For many years, ICF contractors faced a simple choice when it came to window bucks: wood or vinyl. But over the past five years, a number of companies have developed systems specifically designed for ICFs that offer unique advantages. Today, building owners can choose from a wide range of bucking materials, including lumber, OSB, vinyl, EPS, steel, even combinations of these materials.

Each of these materials has advantages, and the choice will likely revolve around four major variables: cost, durability, labor savings, and insulation.

Wooden Bucks
Bucks made from dimensioned lumber have been used in conjunction with masonry and concrete for more than 100 years, so it’s only natural that pressure treated lumber was used for the very first ICF projects.

       It’s still a popular choice because it’s cheap, easy to work with, and readily available. Construction crews know how to build, square and brace wooden bucks. Window installers have no difficulty working with them, either. The insulation value is usually more than adequate.

That said, wood does have disadvantages. It’s heavy. Boards are subject to rot, warpage, and splitting. In termite-infested areas, they provide a pathway for insects to enter the dwelling. Of the five different materials covered in this article, wooden bucks are the most labor-intensive material.

Keep in mind that it’s rare for dimensioned lumber to match the width of the ICF wall, so that means additional labor sawing the boards to the right width and associated waste. The preservatives used to treat wood only extends 1/16 to 1/8 deep, so each cut exposes untreated wood to the elements.

A few builders have tried to minimize waste by using ¾” plywood. This method works, but requires additional bracing because of the thinner buck. Others have tried to save money by using untreated wood wrapped in plastic to meet code requirements. This is usually so labor intensive that no net cost savings are realized.

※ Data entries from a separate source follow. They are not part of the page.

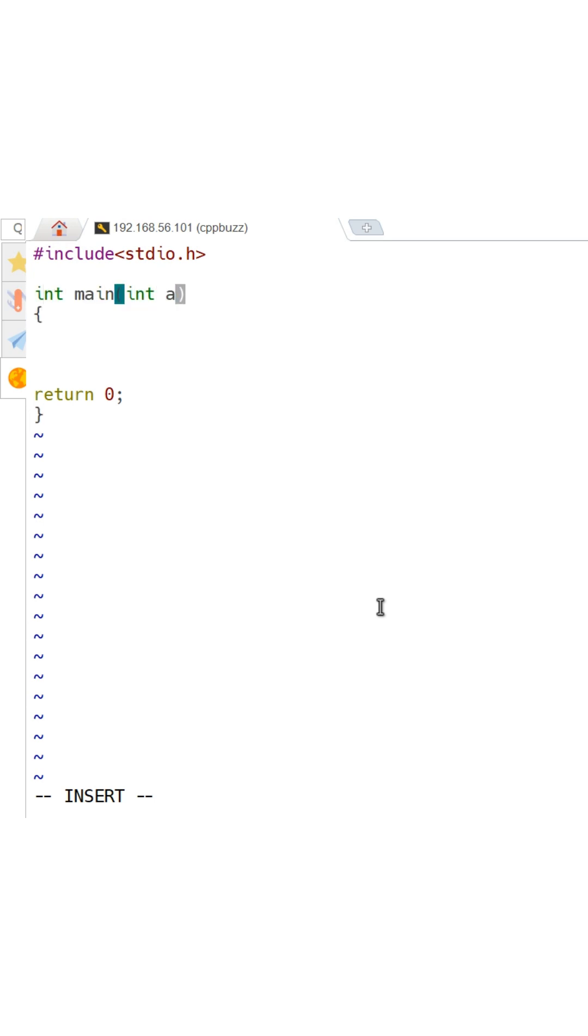Start with adding a header file and the main function. In main function we have to accept two arguments.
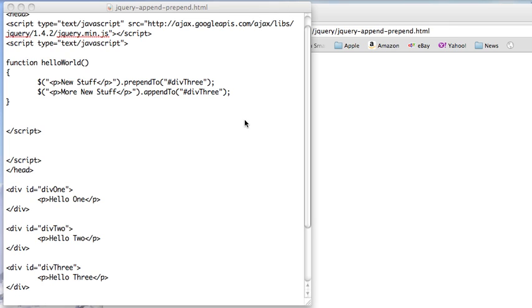Welcome to another edition of JavaScript for you. This morning I wanted to look at prependTo and appendTo, which work a lot like insert before and insert after.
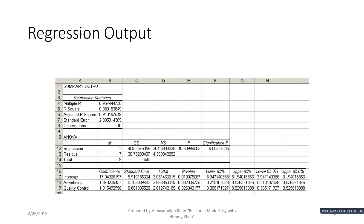The output is a little different from the earlier output because the earlier model was a simple linear regression with only two variables, whereas this model has two independent variables and one dependent variable — this is a multiple linear regression model. The coefficient of the intercept is 17.9. The coefficient for advertising expenditure in row 18 is 1.86, meaning that if advertising expenditure increases by 1 million dollars, sales revenue will increase by 1.87 million dollars, keeping quality control the same.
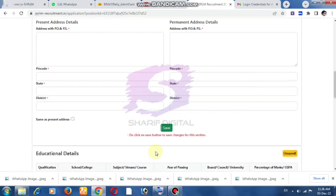Fill in any disability or medical issue details. For experience, the minimum is one year of post-qualification experience. Upload an experience certificate. Fill in your organization name and experience details completely.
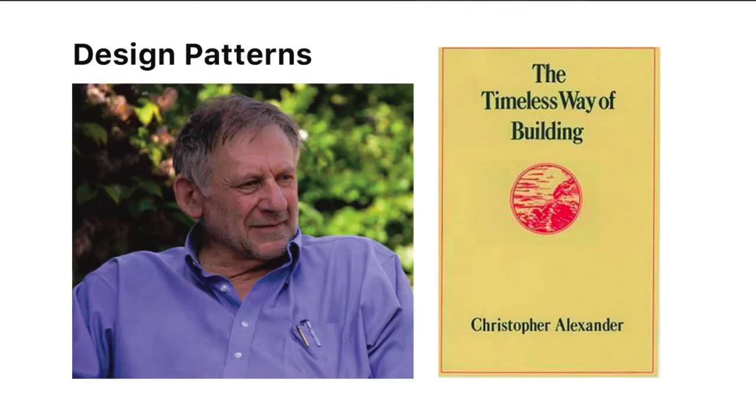Design patterns, in fact, get their foundation from architecture. Christopher Alexander is an Austrian who taught for 40 years at UC Berkeley, taught in the architecture department, and wrote a book called The Timeless Way of Building. That book defined design patterns.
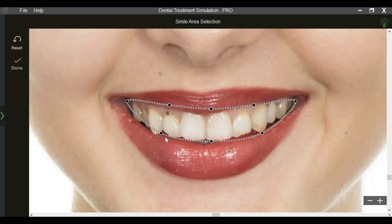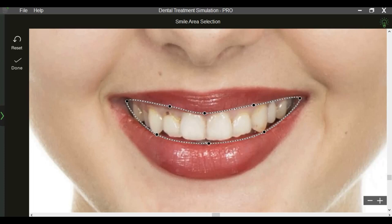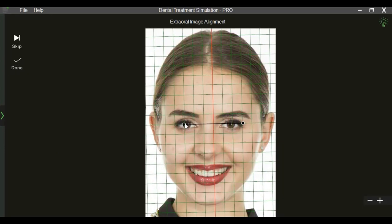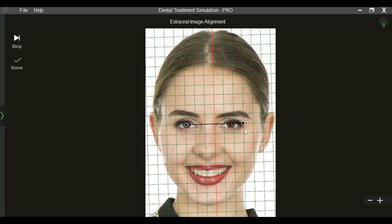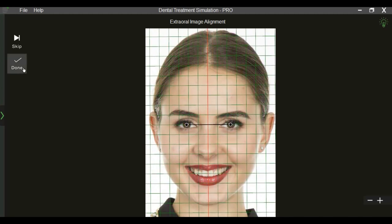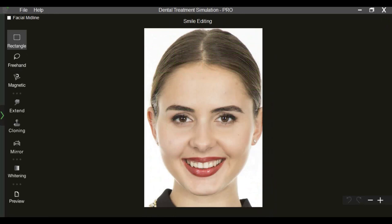The smile area has to be selected by left-clicking and dragging from one corner of the mouth to the other, following the lip contour. We then align the image by selecting the interpupillary line and set the facial midline.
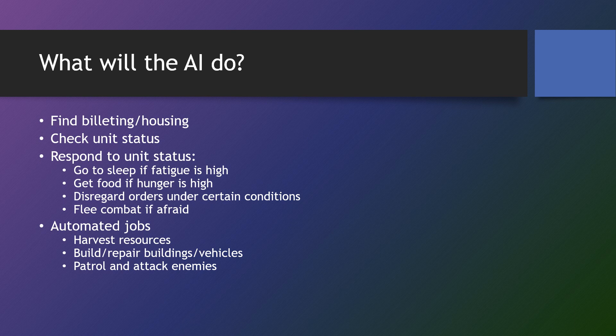All units will find housing or billeting. All units will respond to status checks. If their fatigue is too high and they're not busy, they're going to go to sleep. If their hunger is too high, they're going to find food. In certain conditions, they will disregard orders if they don't trust the orders being given to them. And if their fear is too high, they might flee combat.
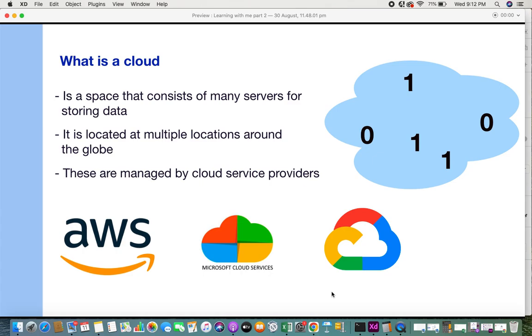What is a cloud? Initially when I got to know about a cloud, I tried to relate it to the physical cloud that we're aware of - the clouds in the sky. The very first point is that a cloud is a space that consists of many servers for storing data and for computations.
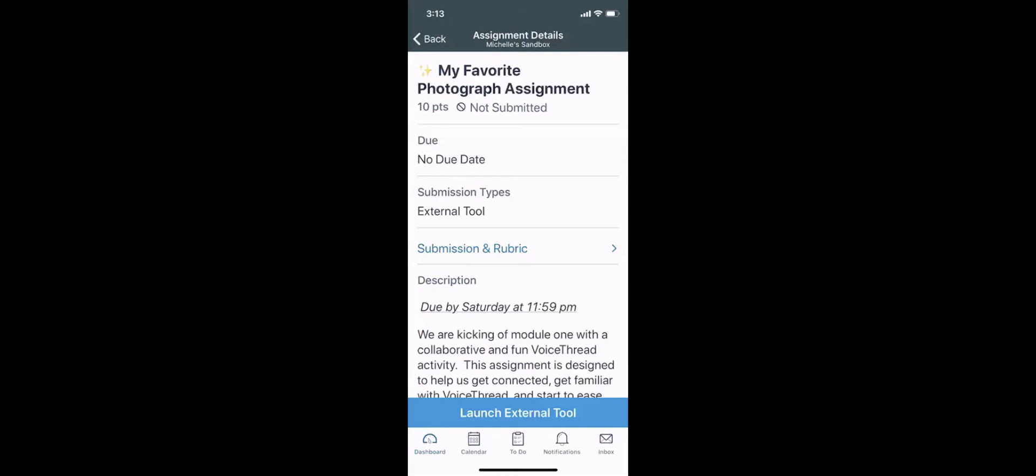This video shows how to upload an image into our VoiceThread assignment from your phone. To get started, open the Canvas Student app on your phone.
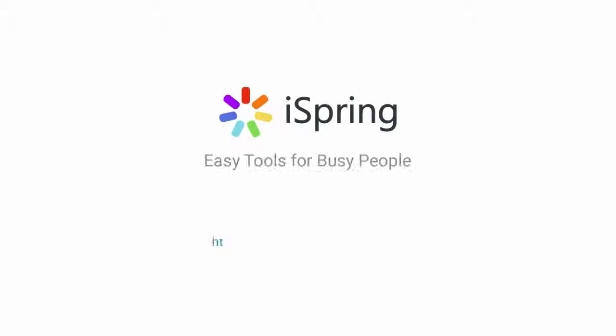Did you like this video? Give it a like and subscribe to the iSpring YouTube channel for more updates.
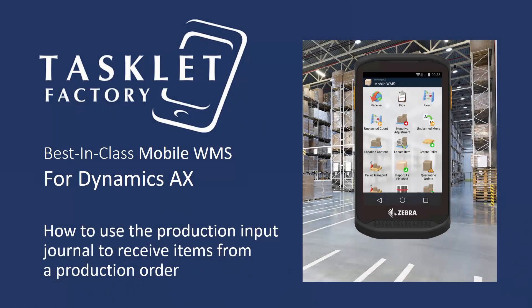This was how to use the production input journal to receive items from a production order using the mobile WMS solution for Dynamics AX.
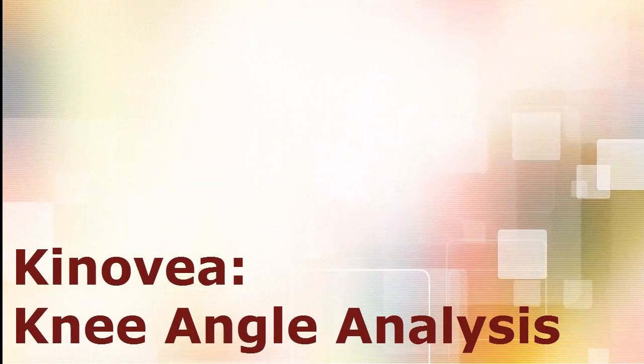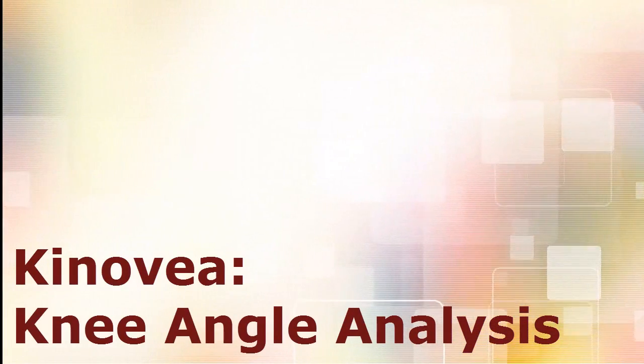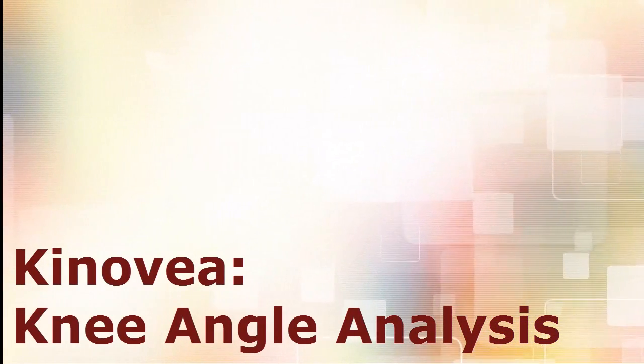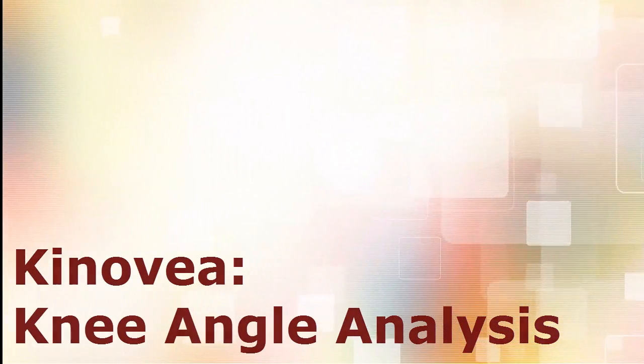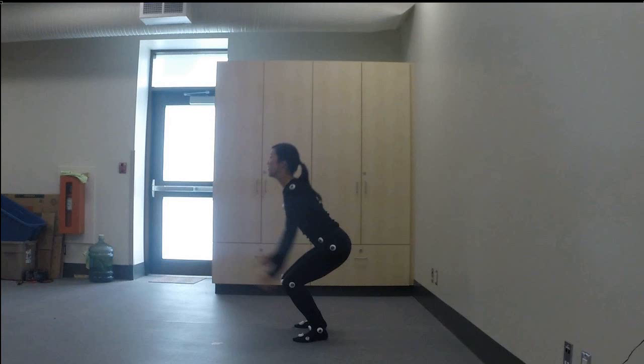This video is going to cover how to track paths and then perform an analysis on the angles. For tracking any joint, three segments are required: a proximal, middle and distal marker.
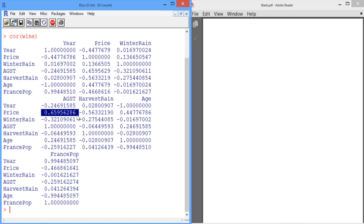So we have confirmed that the correlation between age and France population is very high, so we do have multicollinearity in our model. Note that multicollinearity refers to the situation where two independent variables are highly correlated. A high correlation between an independent variable and the dependent variable, like the correlation between average growing season temperature and price, is a good thing since we're trying to predict the dependent variable. Multicollinearity only applies to the case where two independent variables are highly positively or negatively correlated. Because of multicollinearity, you always want to remove the insignificant variables one at a time.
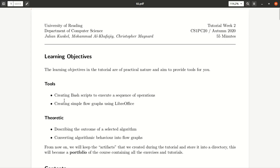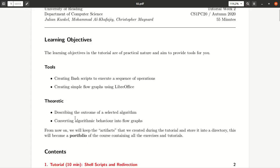We'll also draw some flow graphs using LibreOffice. Then you will do some group work describing the outcome of selected algorithms and converting some algorithmic behavior into flow graphs.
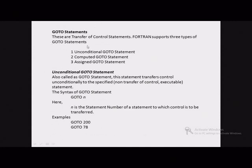Go-to statements are transfer of control statements used for transferring control. Fortran supports three types of go-to statements: the first is called the unconditional go-to statement, the second is called the computed go-to statement, and the third is the assigned go-to. The first one is unconditional, and the remaining two are conditional go-to statements.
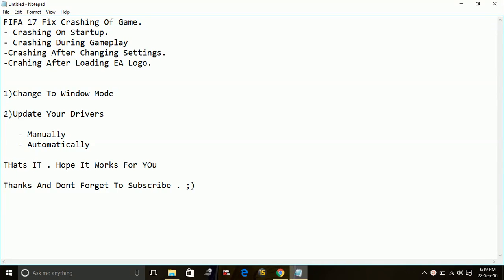Hey guys, today I'm going to show you how to fix crashing of the game FIFA 17. Mainly the game crashes during gameplay, during startup, after changing settings, or after loading the EA logo.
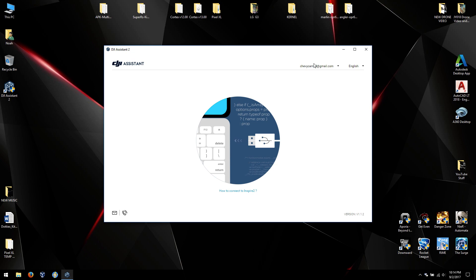Hey guys, welcome back. This video is going to be about how to activate DevTools in DJI Assistant 2, and it's actually easier than you think.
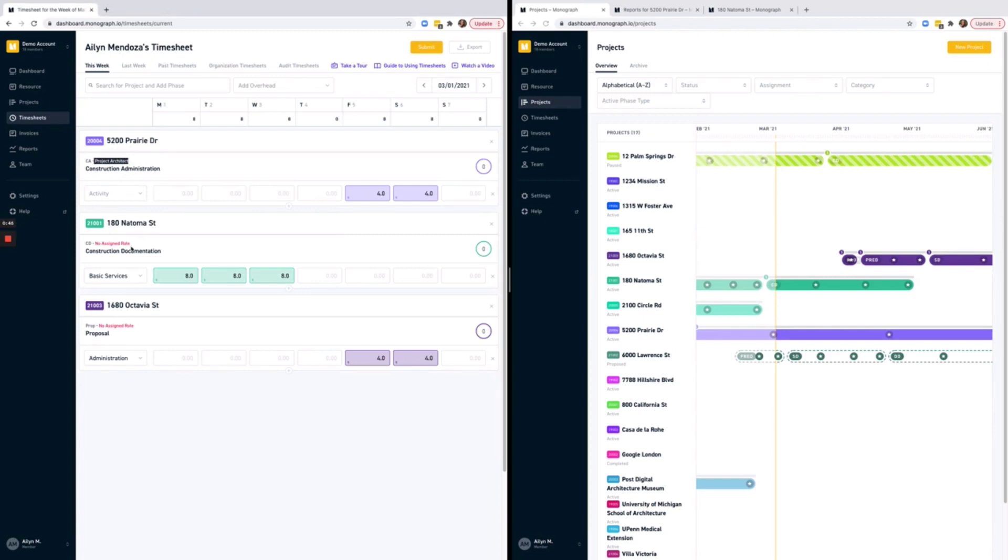When your team sees this notice on their timesheet, they should notify an admin so that the admin can assign a role to them. But hey, things happen, it was late, it was Friday, and there was a deadline. They might have not notified you in time before submitting their timesheet. That's okay.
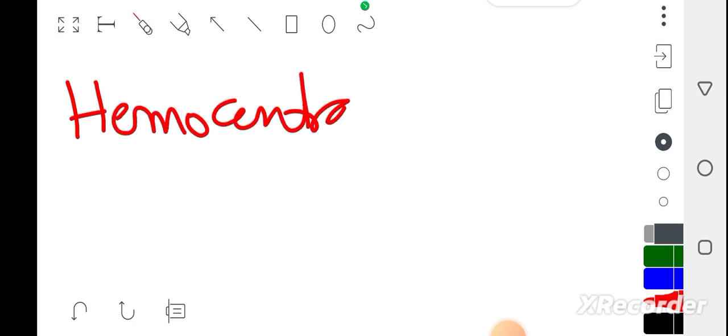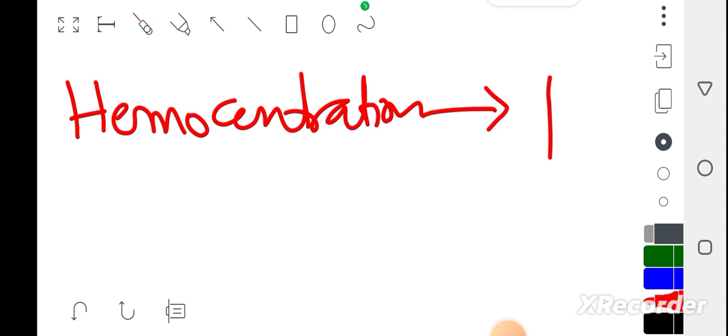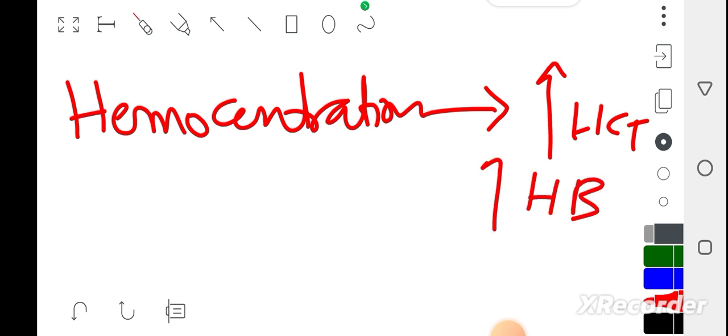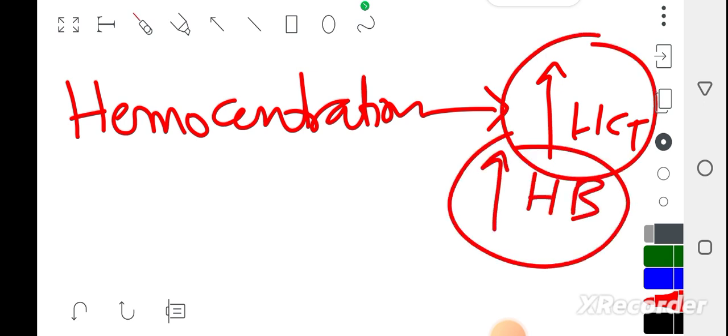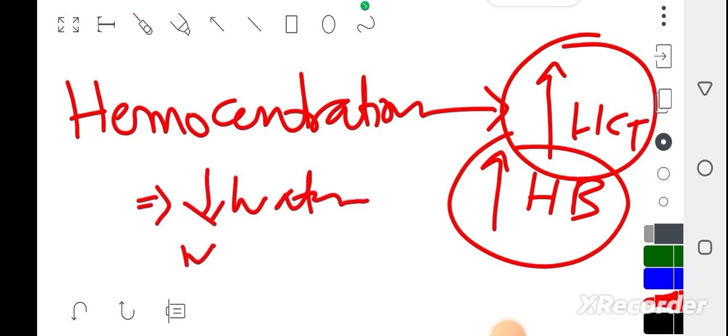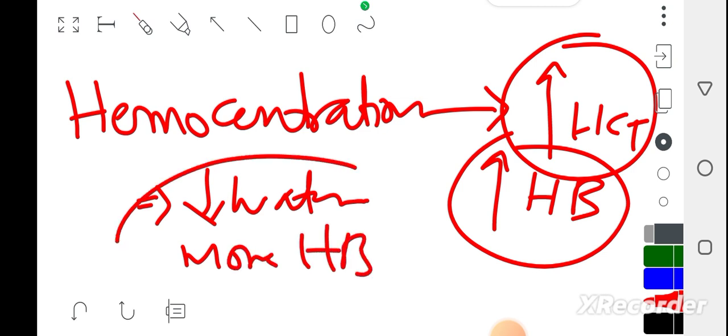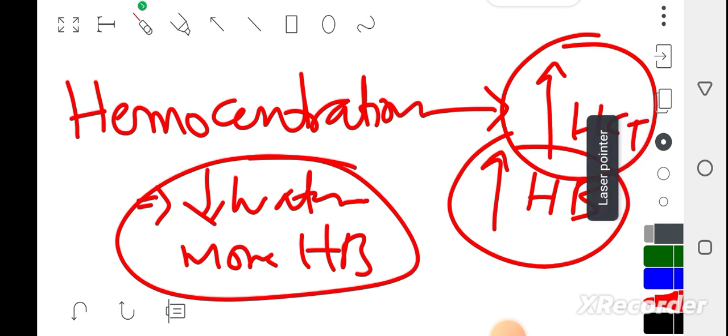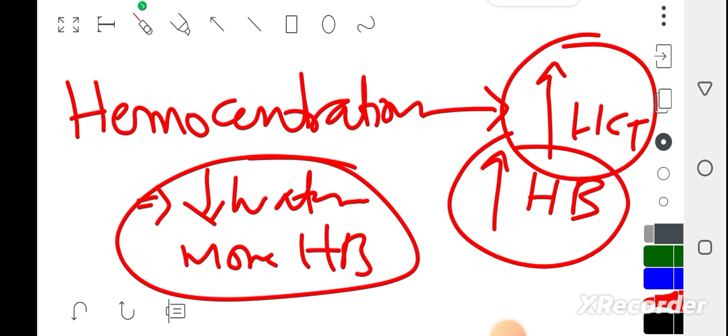This hemoconcentration is responsible for increase in hematocrit. Both hematocrit and hemoglobin increase because the water in your blood has leaked out. This occurs in the critical phase when the febrile phase ends and critical phase starts. In this phase, third space shifting occurs, and due to third space shifting, hemoconcentration occurs and your hemoglobin and hematocrit increase.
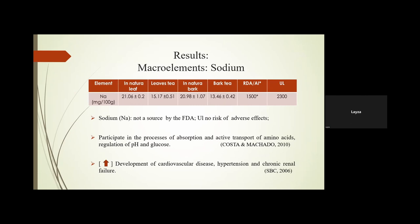Starting with the macro elements — sodium: we found results in the in natura leaves, leaf tea, bark tea, and in leaves. Sodium is not classified as a source by the FDA and has no risk of adverse effects, but we should be careful because high sodium intake can create health problems depending on what you eat or drink alongside it. Sodium participates in absorption and active transport of amino acids, regulates pH and glucose, and at high levels can lead to cardiovascular disease, hypertension, and even chronic renal failure.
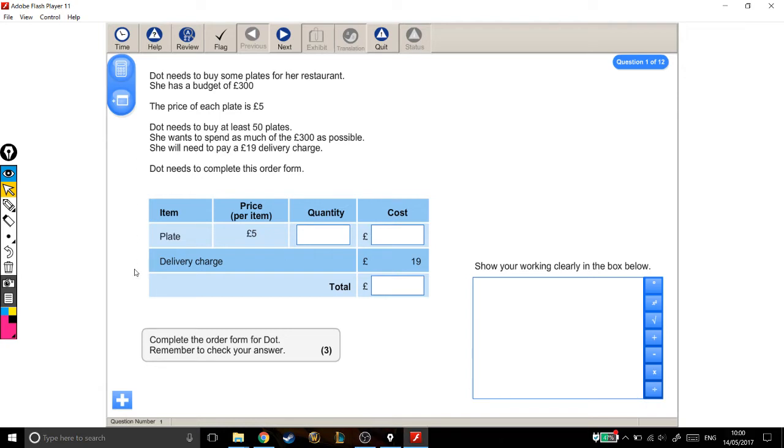Let's talk through this order form. To fill it in, let's say I wanted to buy one plate, for example. If one plate is £5, then the cost is just going to be £5.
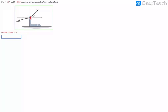We have two forces acting on a part: a 450 Newton force going 60 degrees above the x direction, and a 700 Newton force going 15 degrees below the negative x direction. We need to find the magnitude of the resultant force. To do that, we break these two forces into x and y components, add them up, and find the net resultant. We're not asked for the direction, just the magnitude.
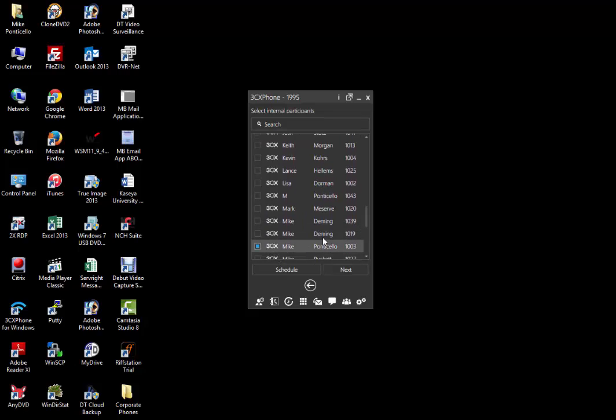We will choose me. Now that we have all our internal extensions chosen, we're going to go ahead and click the next button.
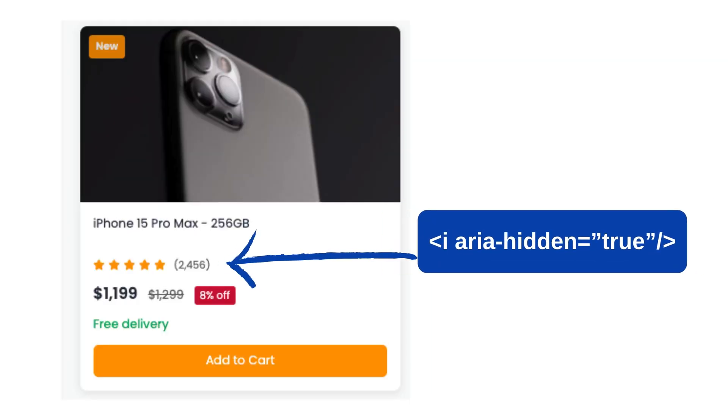All right, let's start simple. ARIA hidden true commands assistive technologies like JAWS or NVDA to ignore an element and everything inside it. In simple terms: do not read the content within this element. For example, a decorative star icon looks nice but is decorative — the screen reader does not need to read 'star' every time. So in this case, adding ARIA hidden true is completely fine.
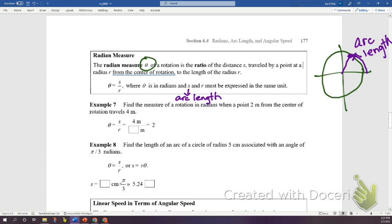We want θ in radians, and arc length s and radius r must be in the same units. Example: a point is 2 meters from the center of rotation (radius = 2 m) and travels 4 meters along the circumference (arc length = 4 m). So θ = 4/2 = 2 radians.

If wooden bucks are the method of choice, experienced ICF installers give these tips:

Use only pressure treated lumber and exterior grade plywood to build your bucks. Pre-building the bucks off-site will increase on-site productivity and keep the jobsite clean. Use two 2x4s on edge for the bottom of the window buck. This creates a gap for concrete placement. Nails hammered into the outside surface of the buck will ensure it stays locked into place after the pour.

Many ICF builders prefer vinyl bucks because they’re a no-hassle, lightweight, easy-to-assemble product that virtually eliminates callbacks. Customers choose vinyl for the same reasons they choose ICFs. Both are durable, termite- and mold-proof, contain no hazardous chemicals, and will never rot. Vinyl will not sustain a burn, and does not contribute fuel to a fire.

The most popular brand on the market is V-Buck, made by Vinyl Technologies, Inc.

“We’ve been making quality vinyl bucks specifically for the ICF industry since 1995,” says Bruce Anderson, the company’s general manager. We now make 16 different widths and can work with any ICF on the market.

“Our cost is very close to that of wood, and we can guarantee the price—unlike wood which varies considerably.” It’s considerably less expensive than steel. The product is freighted from Utah,
but many distributors stock the material locally so shipping is often negligible.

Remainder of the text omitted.